Does a pilot have ‘total autonomy’ over the plane such that he could decide to fly it backwards? Or sail it in the ocean like a ship? Or take it for a spin along the highway? These questions make no sense in a Postmodernist vision because it is precisely assumed that there is UTTERLY NO PRE-EXISTING LIMITING SHAPE TO THE HUMAN SELF WHATSOEVER. Which, I think, is the essence of madness erected into a Plan. And, at this point and for some decades now, into a national policy.

He concludes the Prologue by exhorting readers not to live lives of “dependency”, willing to have their lives “defined by others” (p.xxvi) But he does not limit that exhortation to the political realm – and I don’t think that was an accident. A Marxist materialist, inhabiting a Flattned but darkling world consisting of only the Material dimension, suspicious of Ideals and abstractions that have no palpable physical reality, ever ready to find that such ‘opiates’ were nothing more than tools by which the Haves oppress and extort the Have-Nots, and uninterested in the realm of the non-material or the ‘spirit’ (as well as the ‘spiritual’ and the ‘religious’), he offers nothing in the way of preparing oneself to operate in any ‘reality’ that includes those dimensions.

Or rather, he implies clearly that those dimensions are essentially secondary, if not mostly irrelevant, except as potentially dangerous illusions.
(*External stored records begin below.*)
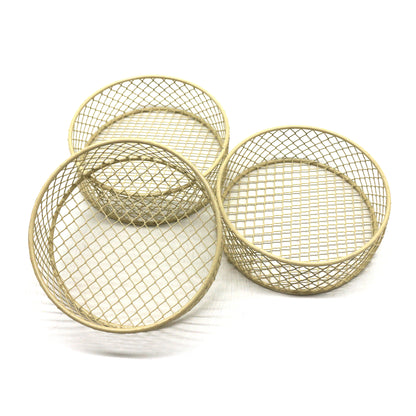 CVHOMEDECO. Mini Metal Wire Storage Baskets Desks & Shelves Organizer Trinkets Container, Great for Store Spices, Gifts or Giving. Set of 3.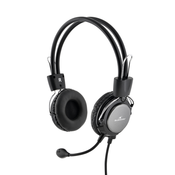 Bluestork MC-201 naglavne slušalice i slušalice s ugradenim mikrofonom Žicano Obruc za glavu Ured / pozivni centar Crno, Srebro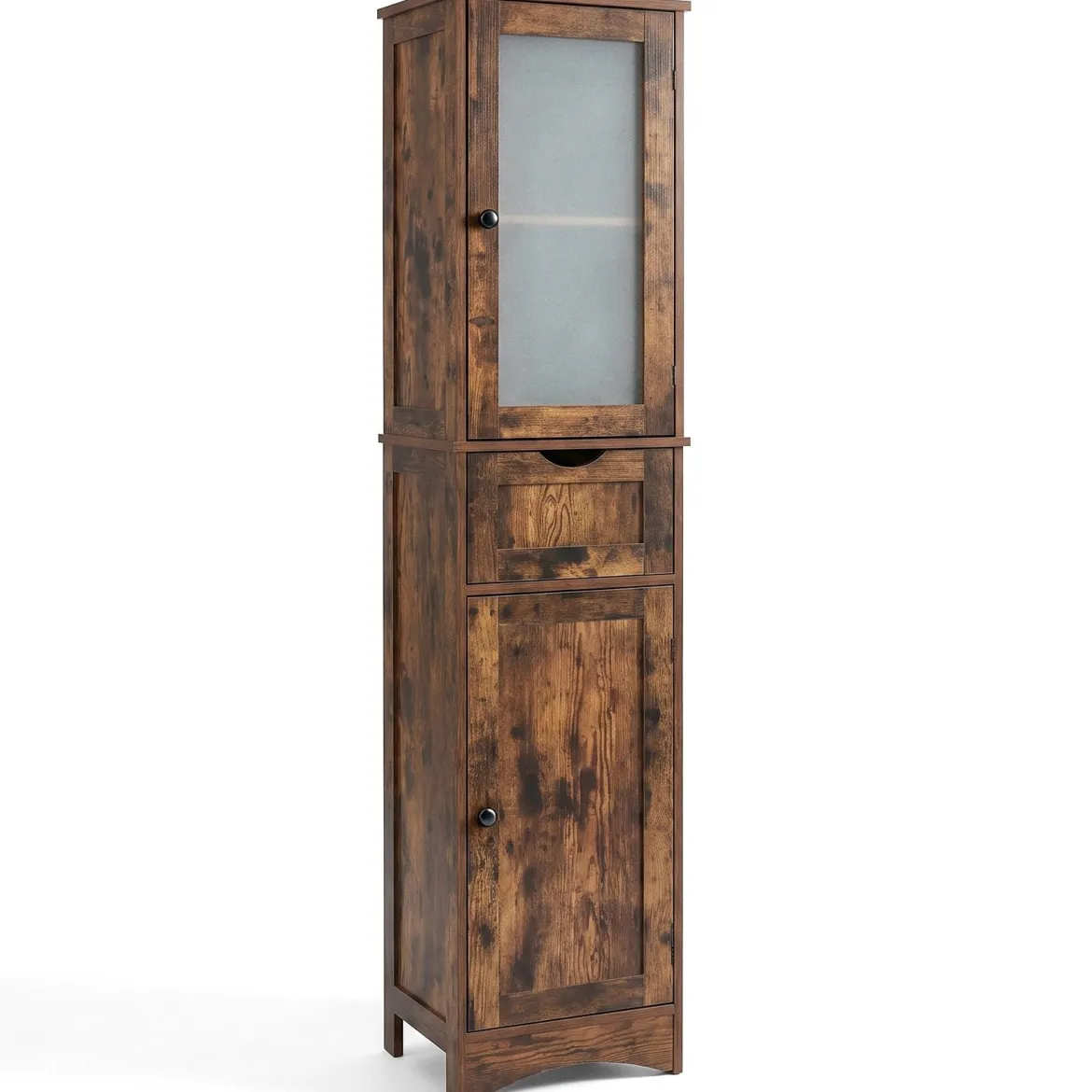 Badezimmerschrank mit 2 Türen & 1 Schublade Freistehender Hochschrank 40 x 30 x 170 cm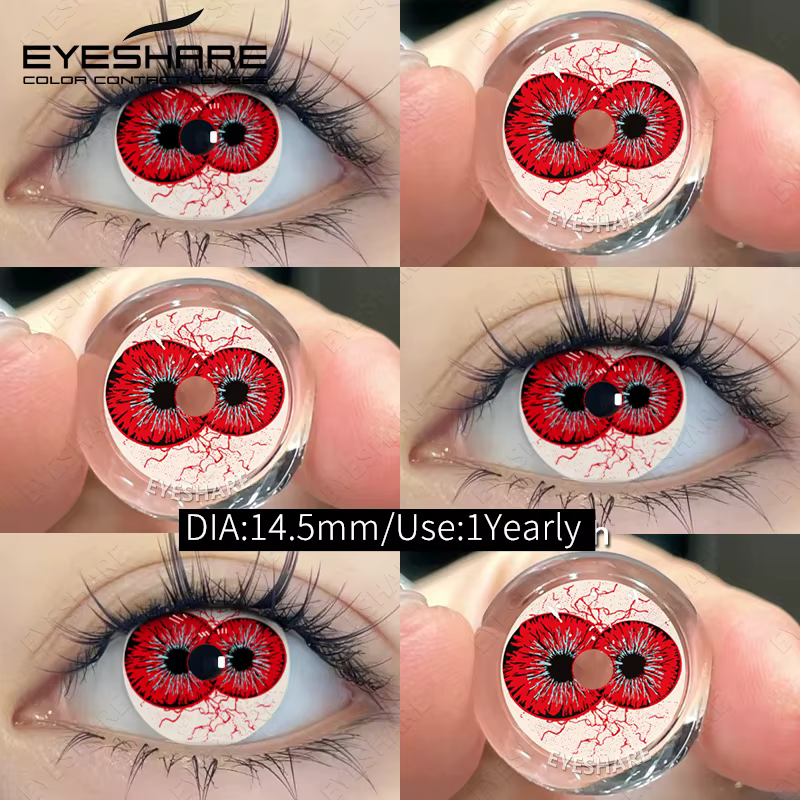EYESHARE Halloween lentilles de contact rouges 2 pièces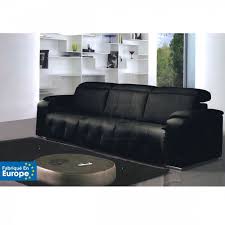 Salon en cuire 7 places. Canape 3 Places Atlanta Cuir Noir Canapes Pas Cher A Casablanca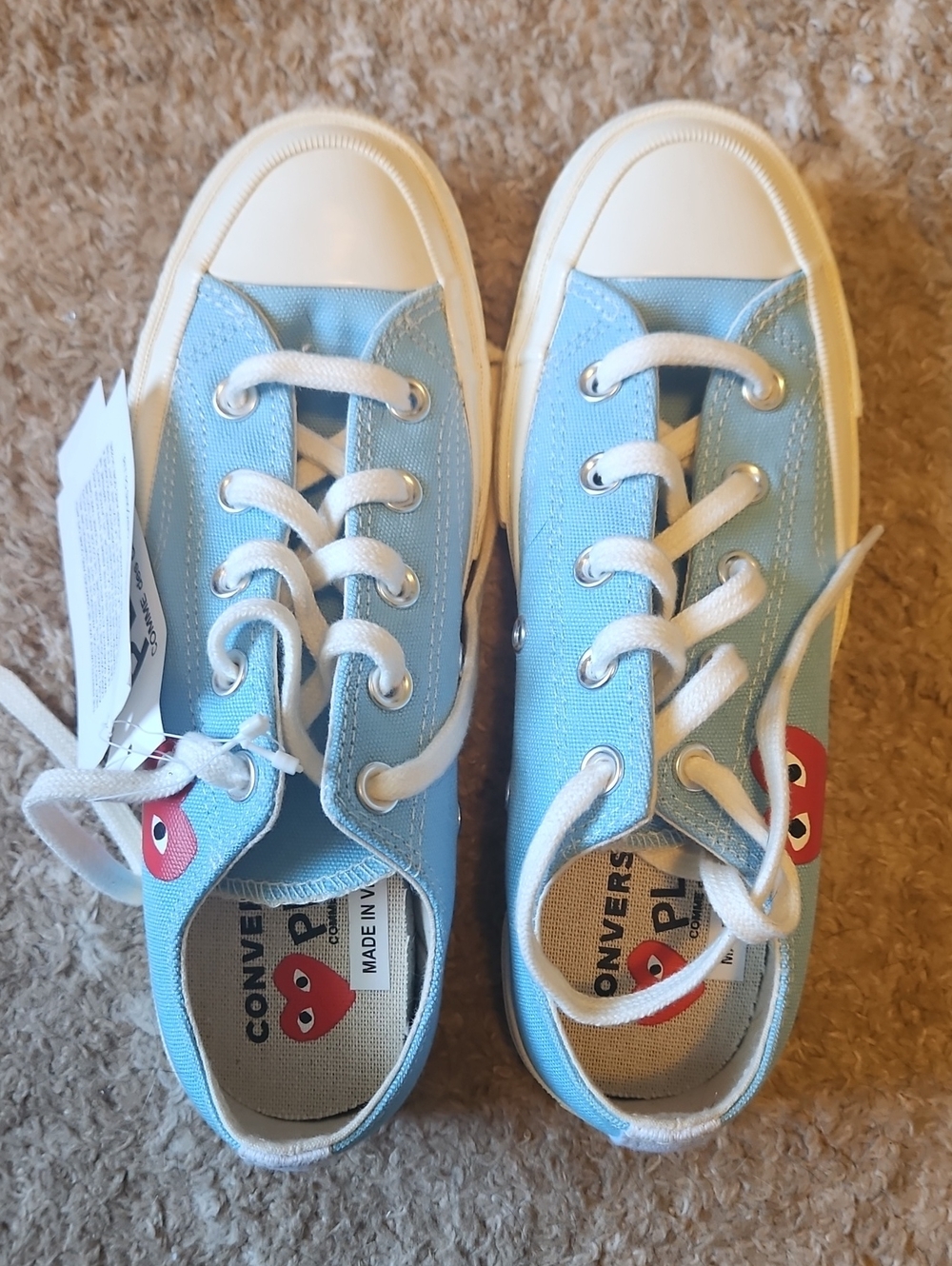 Comme des Garcons Converse Low Top Sneakers in Sky Blue.
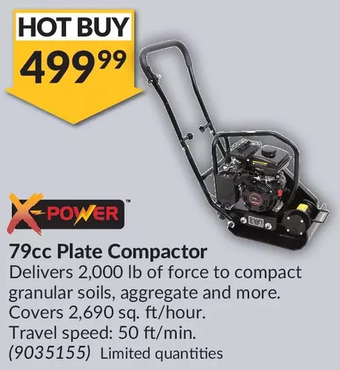 Princess Auto X-Power 79cc Plate Compactor offer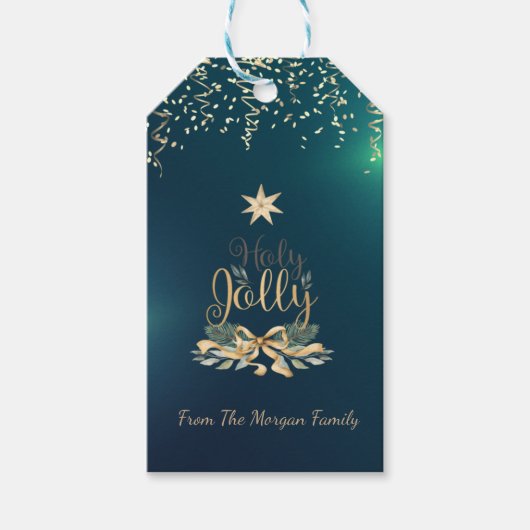 Festliche Konfetti, Weihnachtsglocken, Stern, Grün Geschenkanhänger (Vorderseite)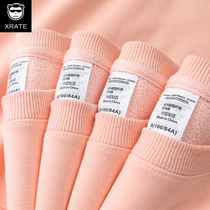 Plus velvety coat woman autumn winter ins ultra-fire pink round collar pure color blouses 400g heavy and loose fashion jacket tide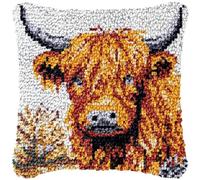 Gofission Latch Hook Cushion Kits for Adult Beginners, Highland Cow DIY Preprinted Pattern Pillow Making Kit with Accessories for Sofa Bedroom Decor 17x17 inch (Cow 3)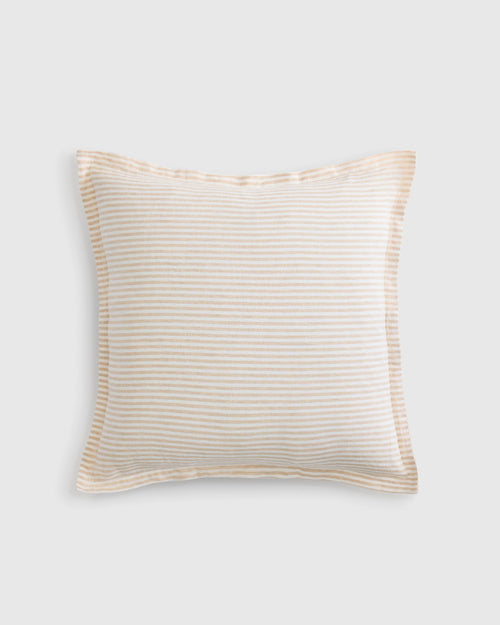 European Linen Stripe Euro Sham - Euro / Natural/White Stripe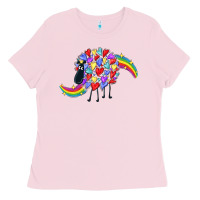 Bubblegum Pink Rainbow sheep Ladies Tee - CowGirlArtShop
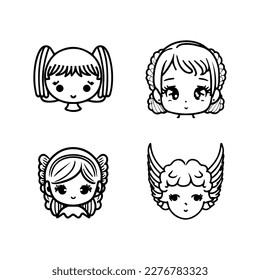 Add a touch of heavenly cuteness to your project with our cute kawaii angel head logo collection! Hand-drawn with love, these illustrations are sure to bring a sense of playfulness and purity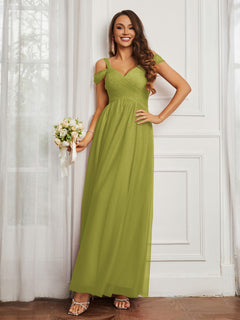 Cap Sleeve Tulle Ruched Floor-length Dress Clover Plus Size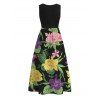Hawaiian Dress Vibrant Iris Lily Colorful Floral Print V Notched Belt Dress - Noir XXL | US 14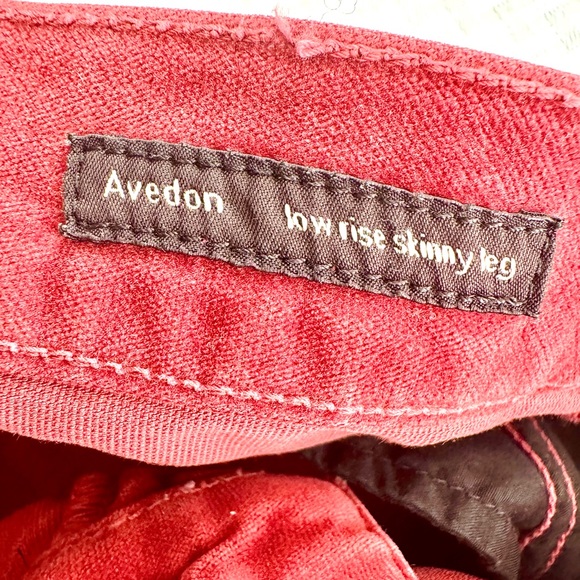 Citizens of Humanity Avedon Red Corduroy Skinny Pants 30 Distressed Y2K Grunge - Picture 11 of 16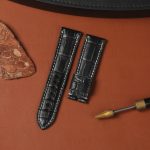 Panerai black alligator leather watch strap replacement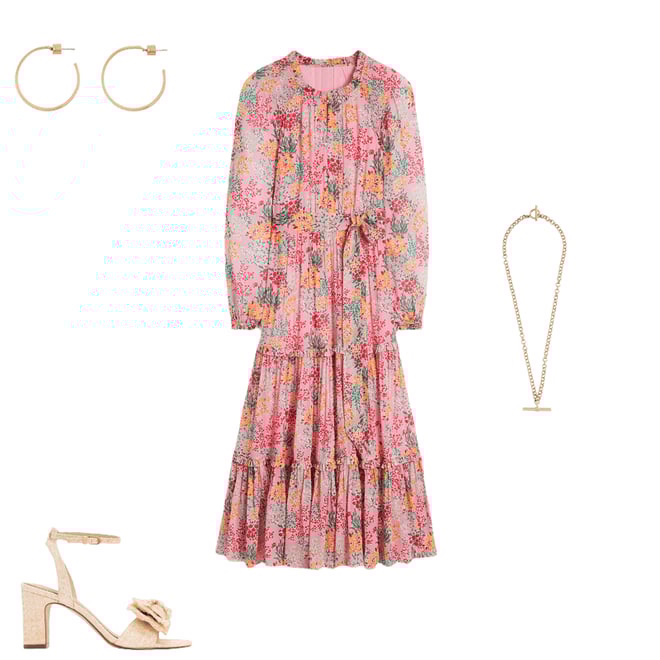 1st bundle featuring 3 items which compliment Ruffle Smocked Midi Dress-Almond Pink, Garden Bouquet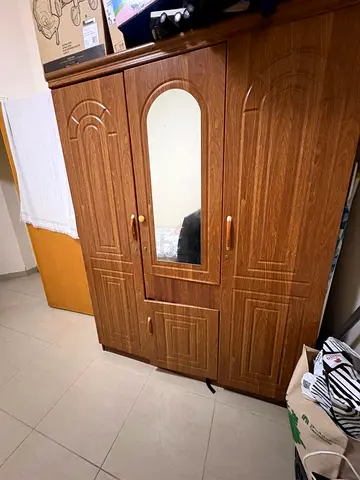 3-door Wooden Wardrobe with Mirror - Good Condition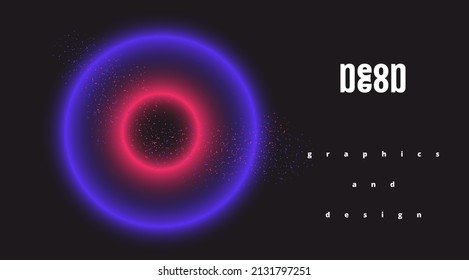 Creative vector banner in neon color. Two glowing circles on a dark background. Modern abstract illustration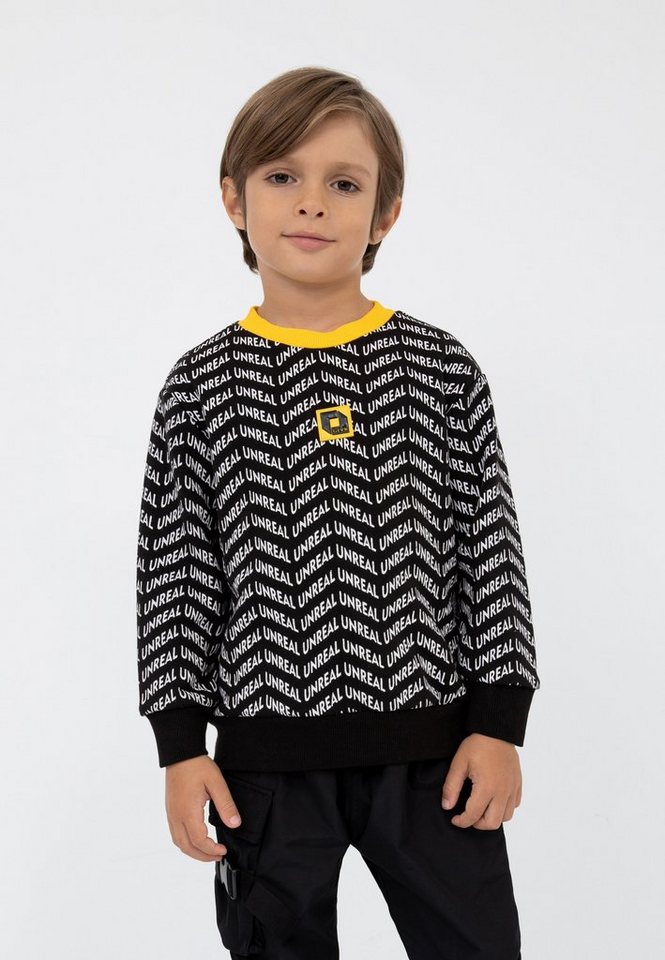 Gulliver Sweatshirt mit angenehmem Rundhalsausschnitt, Tolles Sweatshirt mit  stylischem Alloverduck für Jungen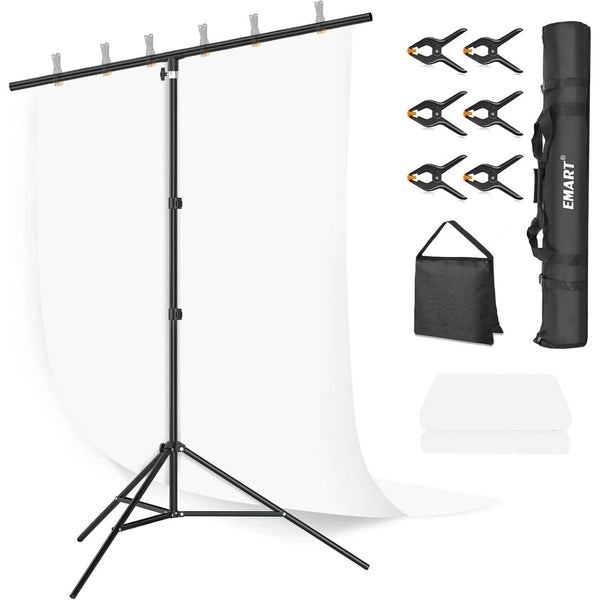 White Backdrop 1.5x2m with Adjustable 2x2m Frame Stand Kit for Studio EMART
His clear-eyed disenchantment with those non-Material dimensions helped dis-enchant American life and politics. But also contributed greatly to un-Grounding them from any Larger Reality.

His thought is still active today – and has now been imbibed by generations of the ‘elite’ including not only many many ‘thinkers’ and ‘intellectuals’, but also legislators, jurists, and politicians generally, who now carry on their activities without even realizing what profound consequences lie buried but tectonically active in their system of presumptions and assumptions not only about the nature of the American polity but about Life and Human Being itself.

Thus his ongoing importance, as I see it.

I will continue quickly to Post about the remaining chapters of his short but potent book.

NOTES

*My copy is the paperback Vintage Books/Random House edition that reprints the original 1971 edition. The ISBN is 0-679-72113-4. All my quotations and page references will be taken from this edition.